Check out the source code of this map

http://mappybirthday.appspot.com/

If you look at the line that starts:

var content =

you can see how I've appended the html to the url to create a clickable link.

tramsbyxan said...

Great post.
I'm currently doing a store-locator using fusiontables querying the db with select dealer from xxxxx where city = 'stockholm'. It works fine but I have no idea of how to fitBounds() on that data. You have any suggestion of where to look? Been googling for hours but to no avail :(

Keir Clarke said...

@ tramsbyxan

Warning: there is an error now in some of those examples so that the info windows now aren't opening. I think there is a problem with local & global variables.

I'm sure someone else contacted me with a similar query about fitBounds(). I think they couldn't find an answer either and decided to work with App Engine (and the app engine data store) instead.
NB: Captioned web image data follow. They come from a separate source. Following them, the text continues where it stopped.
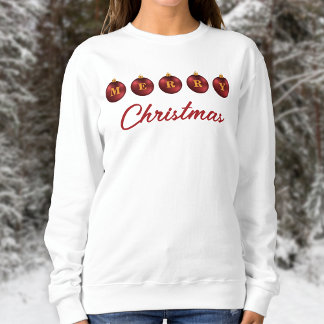 Red Festive Christmas Baubles Merry Christmas Text Sweatshirt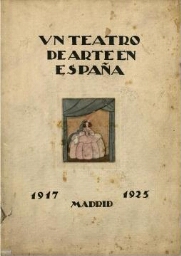 Un teatro de arte en España: 1917-1925 Madrid 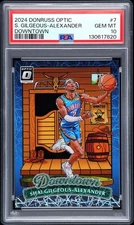 2024 PANINI DONRUSS OPTIC DOWNTOWN #7 SHAI GILGEOUS-ALEXANDER PSA 10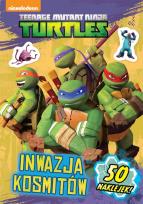 Okładka książki Wojownicze Żółwie Ninja. Inwazja Kosmitów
Sorry I can't be more help.

rv said...

@Keir Clarke:

I'm using mouseEvent.latLng instead of mouseEvent.position, and I'm creating the InfoWindow once in the initializeMap function, and then calls iw.setPosition() and iw.setContent(), instead of recreating the object on each popup.

Anonymous said...

You can use CaroView for the Google cloud to create and publish your custom online map and your geo data in the Google app engine cloud for free
use fusion tables and much more geo content and online services
http://www.cartologic.com/cartoview/cloud.aspx
you can test the application on
http://cartoviewdemopage.appspot.com/cartocloud/index.html

DeadMeat Martin said...

great tutorial! Thanks for sharing.

However, I have one nagging question - all the data in the examples are either historical or static.

Is there a way to update the maps dynamically with live data - for e.g. I'm tracking users in different countries the numbers are changing constantly and I would like a intensity map to display that - is that possible? considering the data resides on Google Cloud

lurv said...

You made it really easy to understand Google Maps and Fusion Tables.

Do you happen to know how to show the data from the table as well as select it from a button?

So if you click a button to display the markers, it will show a list of the markers details below the map.